*** Block opens ***

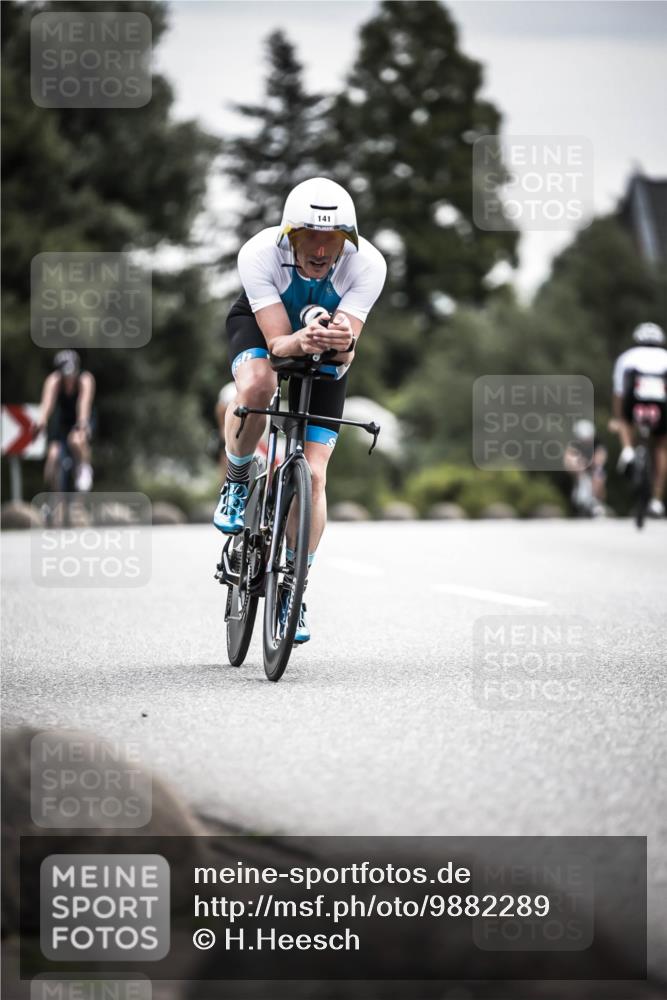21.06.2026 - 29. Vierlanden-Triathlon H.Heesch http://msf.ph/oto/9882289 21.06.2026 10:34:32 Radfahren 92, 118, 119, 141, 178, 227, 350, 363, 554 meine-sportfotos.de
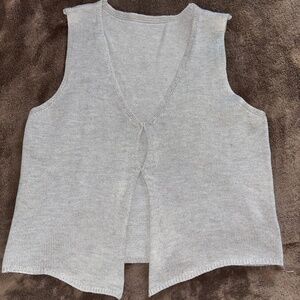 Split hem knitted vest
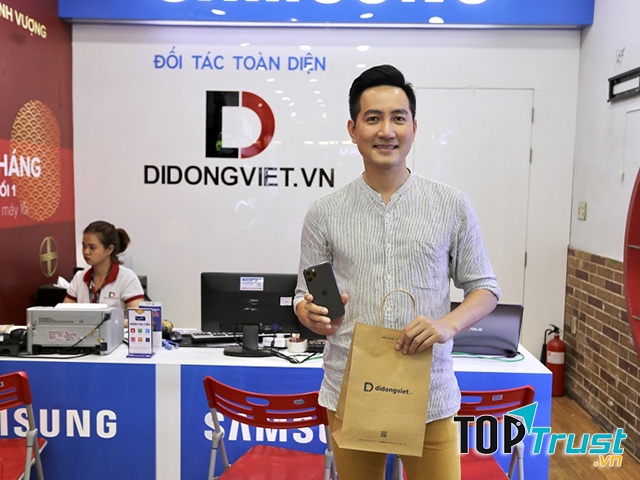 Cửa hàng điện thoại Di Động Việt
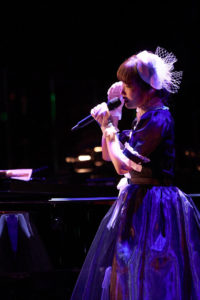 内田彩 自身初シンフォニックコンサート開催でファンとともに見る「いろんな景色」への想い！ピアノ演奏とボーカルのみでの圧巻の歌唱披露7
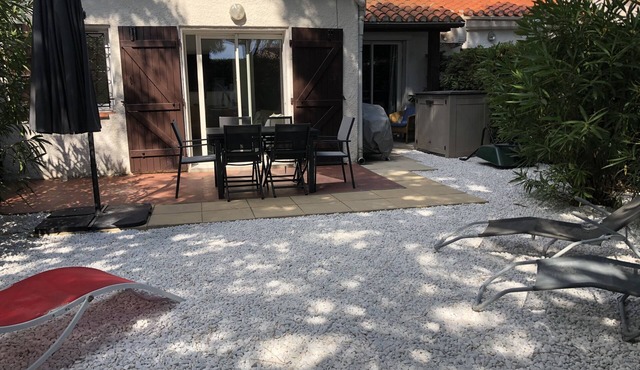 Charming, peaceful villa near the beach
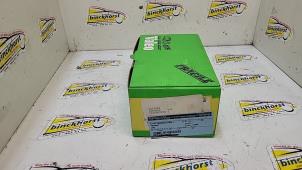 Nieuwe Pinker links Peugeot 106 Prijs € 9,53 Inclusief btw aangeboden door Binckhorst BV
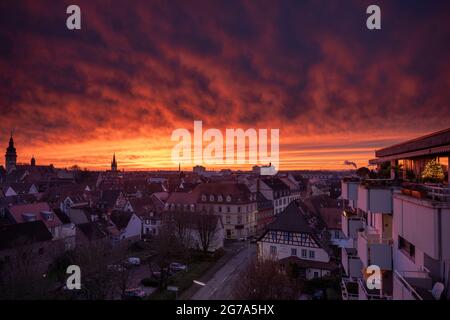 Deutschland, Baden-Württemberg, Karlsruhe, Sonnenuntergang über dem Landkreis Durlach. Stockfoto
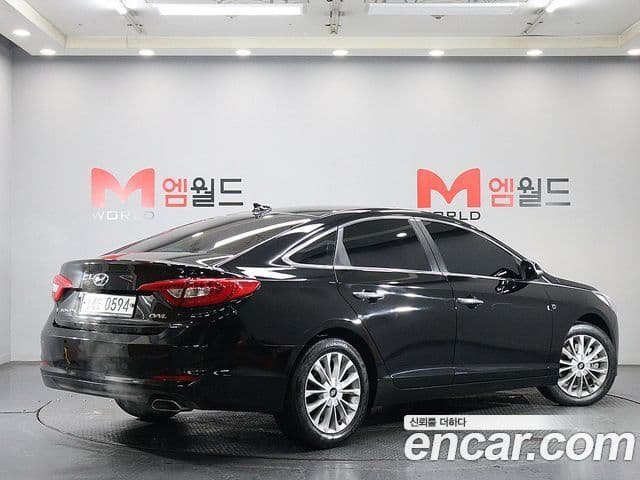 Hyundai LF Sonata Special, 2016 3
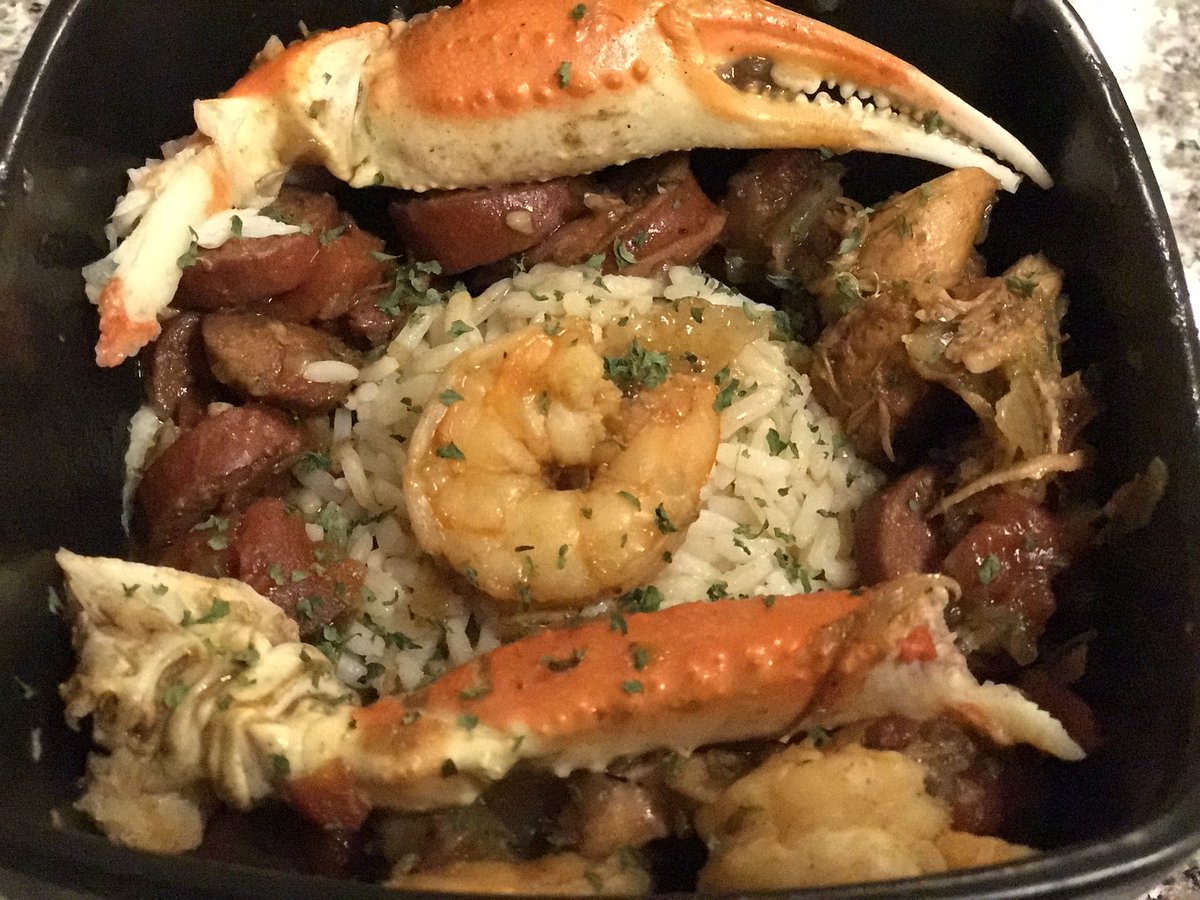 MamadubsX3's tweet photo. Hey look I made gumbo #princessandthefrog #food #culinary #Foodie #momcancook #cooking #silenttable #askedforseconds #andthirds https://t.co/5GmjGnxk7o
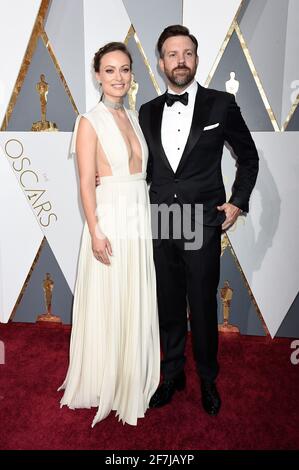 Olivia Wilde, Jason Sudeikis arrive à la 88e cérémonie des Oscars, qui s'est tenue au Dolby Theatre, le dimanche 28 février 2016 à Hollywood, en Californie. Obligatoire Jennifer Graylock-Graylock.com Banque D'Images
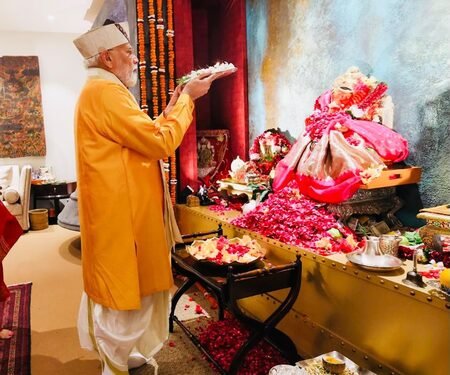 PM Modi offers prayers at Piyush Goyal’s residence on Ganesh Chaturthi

*** Block closes ***

* Problem details: Repeat the lines of the listing above verbatim, beginning at its first line and ending at the line containing "Cửa hàng điện thoại Di Động Việt", which is included. Omit pictures.

* Response box:
21.06.2026 - 29. Vierlanden-Triathlon H.Heesch http://msf.ph/oto/9882289 21.06.2026 10:34:32 Radfahren 92, 118, 119, 141, 178, 227, 350, 363, 554 meine-sportfotos.de
 Split hem knitted vest
 Cửa hàng điện thoại Di Động Việt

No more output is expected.